Até ao fim do festival, haverá ainda oportunidade para ouvirmos as canções fofinhas dos Kings of Convenience, uma versão possível de Simon & Garfunkel para a actualidade; o maravilhoso cancioneiro de torpor dos Deerhunter, autores do segundo melhor disco de 2010 (Ípsilon); o rock experimental com travo pop dos Battles; o rock não experimental com travo... rock dos Death From Above 1979 (de regresso a Coura, depois de 2005); os Mogwai, outros retornados; e dois nomes aparentemente pequenos que são bem grandes: No Age, súmula do melhor rock à margem, dos Hüsker Dü aos Sonic Youth, e Kurt Vile, que reanimou a crença na velha máxima do rock"n"roll born to lose com pinta e canções-milagre como Jesus Fever e Freaktrain.

O melhor do mundo

Os dias anteriores ao festival têm dado motivos para que João Carvalho acredite que o público vá responder em peso. "Nunca chegou tanta gente com tanta antecedência", garante. O espaço de campismo abriu sábado, mas desde dia 10 que há pessoas a acampar. O conceito "uma semana de férias" com um festival pelo meio "resultou". As vendas antecipadas de bilhetes superaram os valores dos últimos quatro anos, algo "fantástico num ano de crise e com um cartaz indie".

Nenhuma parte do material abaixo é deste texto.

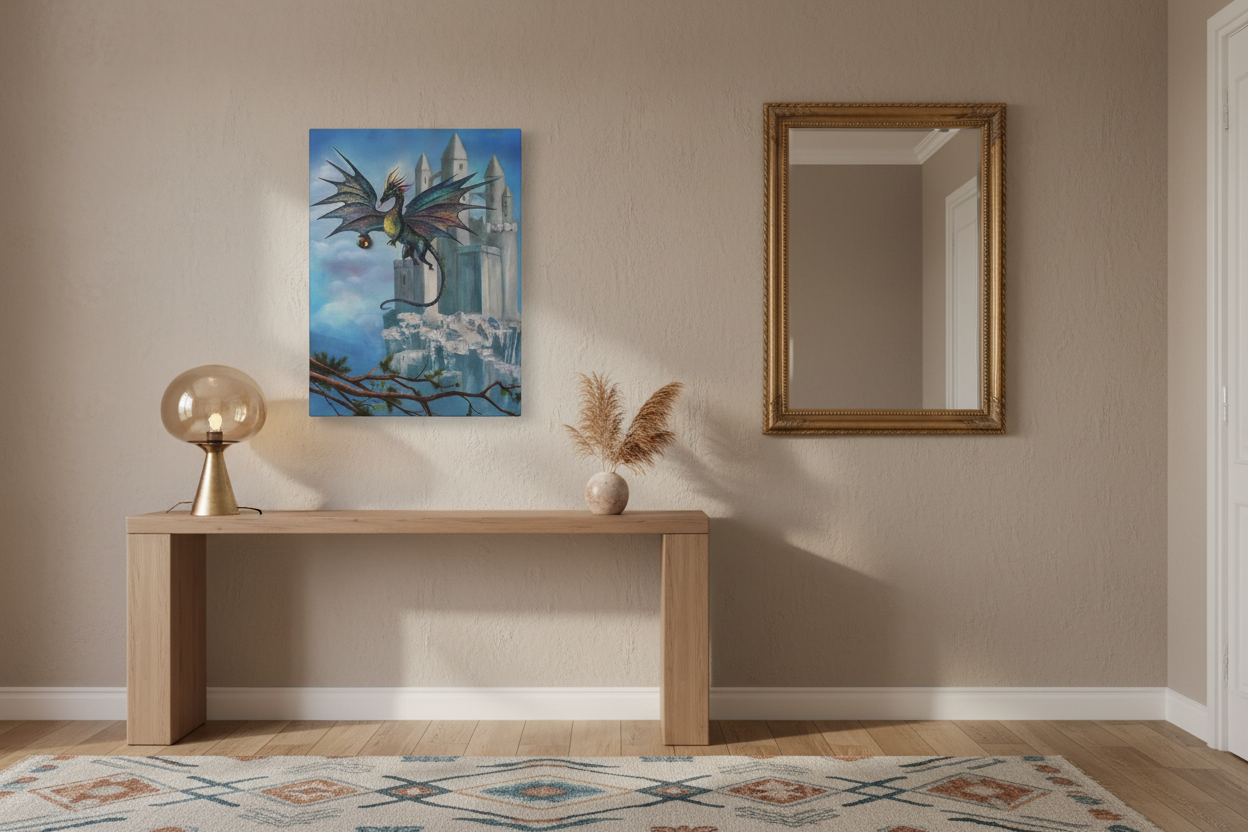 Artwork displayed in elegant home entryway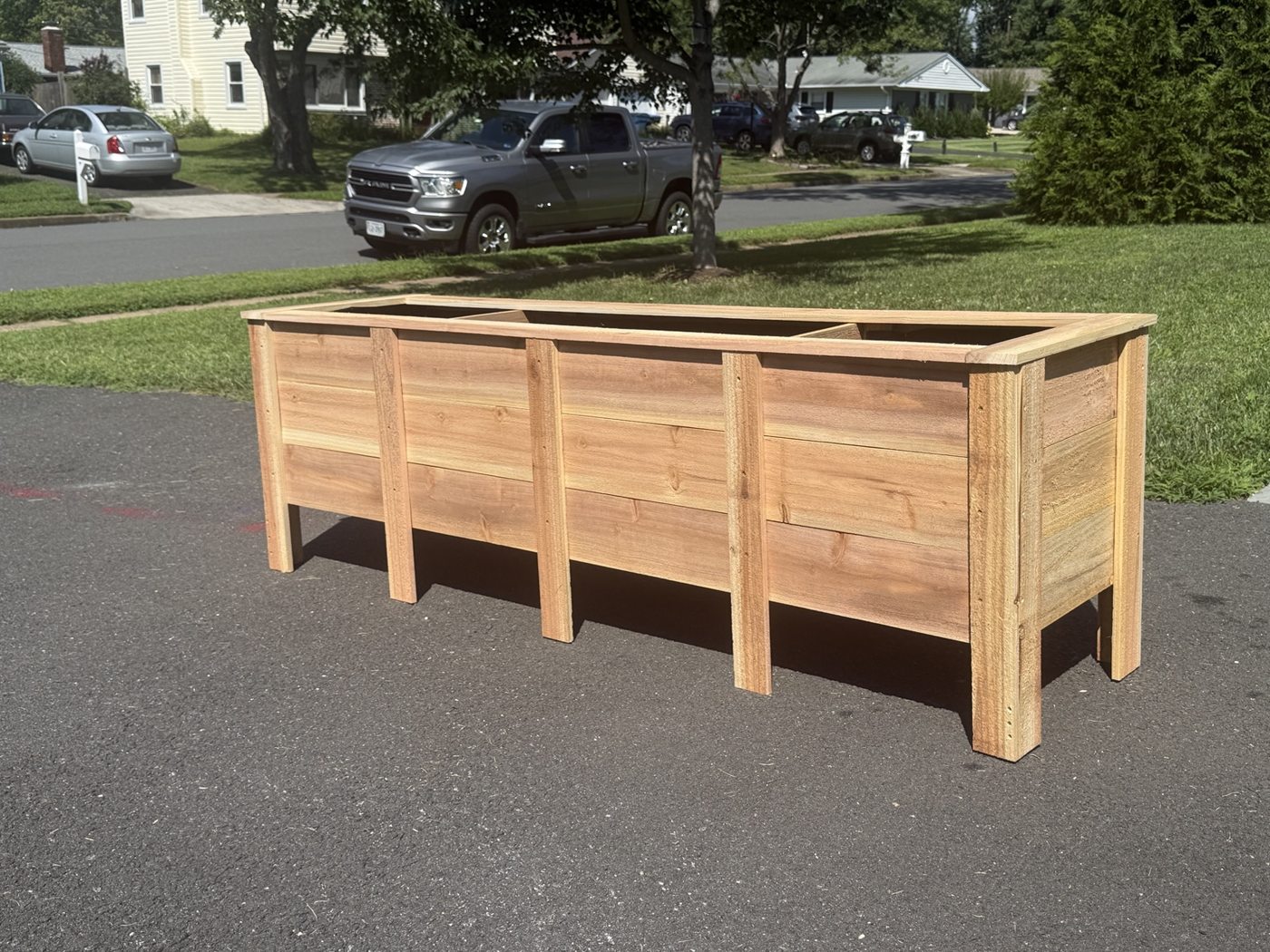 Long cedar planter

Indicadores positivos, para mais num cartaz que não impressiona pela galeria de estrelas, mas mais pela consistência das escolhas. A Ritmos espera 20 mil pessoas por dia no festival, número que condiz com a escala humana que o festival se orgulha de conseguir manter. "Ainda hoje me diziam que é o melhor festival do mundo: "não há pó, a relva está sempre presente, há o rio"", brinca o promotor. "As casas de banho têm autoclismos, há um número suficiente de chuveiros. Aqui, as pessoas salientam a música porque tudo o resto está assegurado. Nós temos essa preocupação com as pessoas que pagam bilhete."

Mais difícil é garantir alojamento em Paredes de Coura ou nas localidades vizinhas para os festivaleiros com "30, 40 anos", muitos deles que cresceram com o festival, mas "já não arriscam acampar". "Se tivesse duas mil camas conseguia ocupá-las, em Paredes de Coura ou nas terras limítrofes." A procura é tanta que há preços "exageradamente inflacionados", como uma casa para quatro dias por mil euros, conta. "Mas não tenho armas [para resolver a situação]."